▶ [Recorded information]:
┄┄┄┄┄┄┄┄┄┄

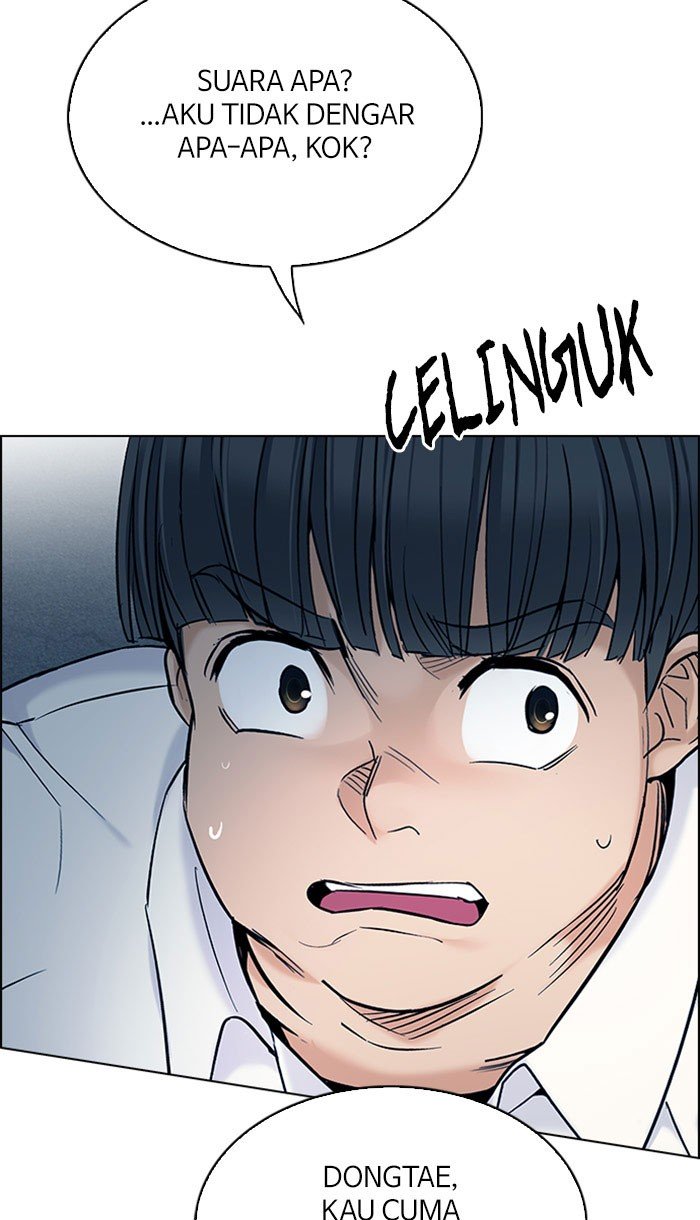 Dice Chapter 298 Gambar 31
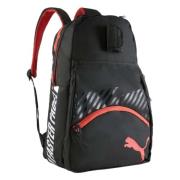 Nova Elite Padel Rugzak Puma , Black , Unisex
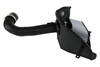 Picture of Magnum FORCE Stage-2 Pro DRY S Cold Air Intake System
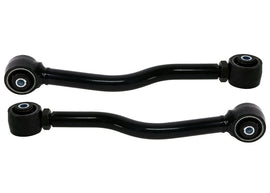 KTA187.jpg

┄┄┄┄┄┄┄┄┄┄

The answer must be the data above, repeated exactly, with no pictures.

▶ [Written solution]:
 Dice Chapter 298 Gambar 31
 Nova Elite Padel Rugzak Puma , Black , Unisex
 Picture of Magnum FORCE Stage-2 Pro DRY S Cold Air Intake System
 KTA187.jpg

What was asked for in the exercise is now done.